Der Männergesundheitsbericht erscheint seit 2010 zum dritten Mal. Er beleuchtet erstmals medizinische und sozialwissenschaftliche Facetten der männlichen Sexualität gleichermaßen. Dabei verfolgt er die Sexualität über alle Lebensphasen vom Säugling bis zum Greis. Wichtig sei, dass der Bericht Sexualität als Bestandteil der Gesundheit betrachte, sagt Ko-Autorin Professor Doris Bardehle, Sozialmedizinerin und im Beirat der Stiftung Männergesundheit. Sexuelle Gesundheit bedeute nicht nur die Abwesenheit von krankheitsbedingten sexuellen Störungen oder von sexuell übertragbaren Infektionen.

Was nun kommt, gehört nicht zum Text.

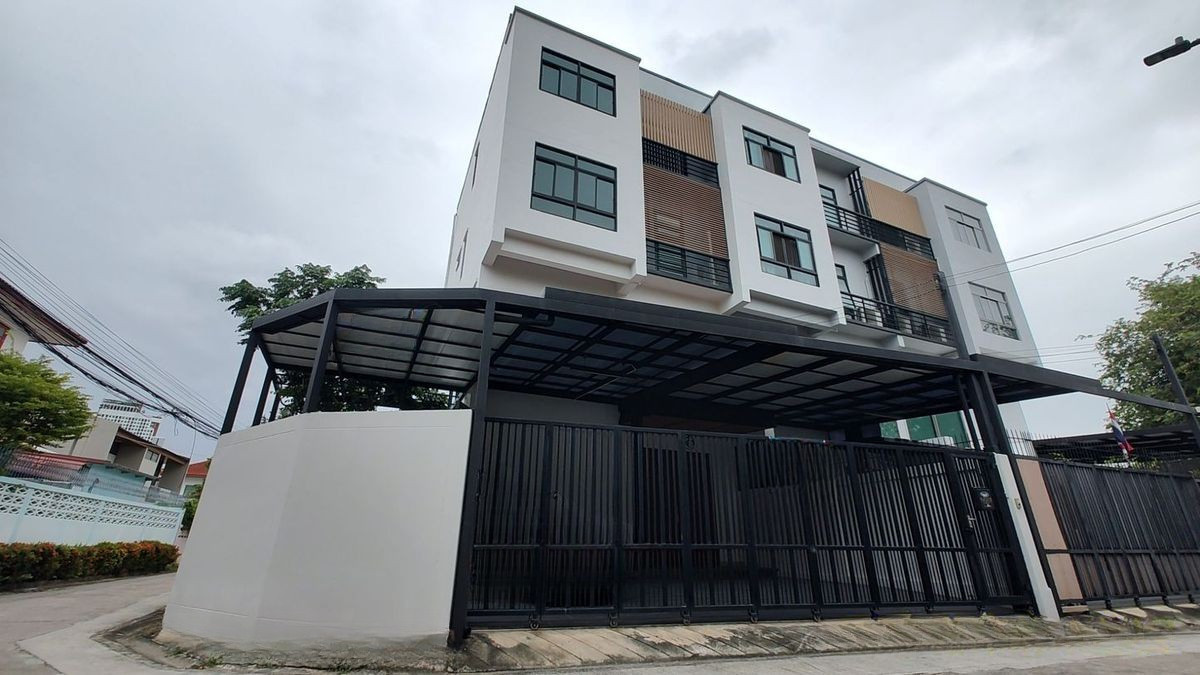 ขายทาวน์โฮมลาดพร้าว เซ็นทรัลลาดพร้าว : 🏠ขายบ้านลาดพร้าว 25 | Home Office ขนาดใหญ่ | 295 ตร.ม. | จตุจักร | หัวมุม | หน้ากว้าง 12 ม. | หันทิศตะวันออก | ไม่มีค่าส่วนกลาง | ใกล้ MRT สีเหลือง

Nachholbedarf in der Forschung

Die Stiftung Männergesundheit hält daher den Bericht für eine auch international einmalige Kompilation. "Dieser fachübergreifende Männergesundheitsbericht bietet eine umfassende, neue Sicht auf die Sexualität als Bestandteil der Gesundheit", wertet der stellvertretende Vorstandsvorsitzende der Techniker Krankenkasse Thomas Ballast das Werk. Sein Verdienst sei unter anderem, Forschungslücken aufzuzeigen. Zudem bestehe immenser Nachholbedarf beim Aufbau sexualwissenschaftlicher Studiengänge, so die Autoren.

Gut ausgebildete Sexualwissenschaftler könnten dazu beitragen, Grenzverletzungen und sexualisierter Gewalt vorzubeugen, die sexuelle Selbstbestimmung zu unterstützen und Gesundheit zu fördern, sagt Bardehle. Bislang sei die Hochschule in Merseburg die einzige, die einen konsekutiven sexualwissenschaftlichen Studiengang anbiete.